In this story, Bergman opens with Johan and Marianne being interviewed by a magazine reporter in their home. He uses a static camera in a medium wide of the couple and rarely cuts away from them. It is bold in that we must sit with this couple for an extended period of time, and by doing so we begin to live with them, pick up on their nuances and gestures--all of which reveal an interior life that supplements and many times contradicts the couple's answers to the reporter. We begin to see the intricacies of Johan and Marianne's relationship and the lies they tell themselves to get on, and how proud they are of their ability to have a loveless marriage.

Bergman finished the film with Johan and Marianne in a dual close-up. The director takes us through a journey where we hear nothing of the interior life of the characters at the beginning to being involved completely in the conversation about the life inside of them. Bergman uses the static camera at the beginning and then moves the characters from one room to another as they have dinner with Katarina and Peter and with each move we are taken to the interior of the house. These transitions reveal Bergman's intention to take us further and further into the inner life's of Marianne and Johan, and as he does the shots become more alive in that we get new angles (overhead shot of Marianne pulling up to be picked up by Johan during their affair, and the close-up shot of the woman in Marianne's office asking for a divorce).
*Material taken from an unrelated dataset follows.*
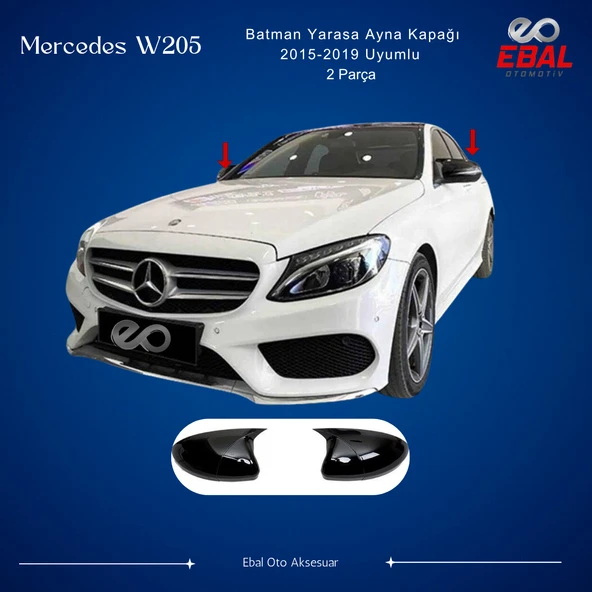 Mercedes W205 2015-2019 Piano Black Batman Yarasa Ayna Kapağı ürün görseli 1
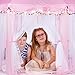 Campela Pink Princess Tent Teepee Castle Girls Large Playhouse - Kids Dream Play Tents with Star Lights for Children Indoor and Outdoor Games 55'' x 53'' (DxH)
A stark edit used by Bergman is after Johan beats Marianne while going through their divorce proceeding he cuts straight to their affair. It shows how the brutality of their marriage has been washed over by a new love affair they have begun. It creates the question within the viewer as to how did they get from there to here? It is a giant leap, and a cut that is worthy of Bergman as he cuts out any of the uninteresting bits and shows us the essential moments that create drama from his creativity as a visual storyteller.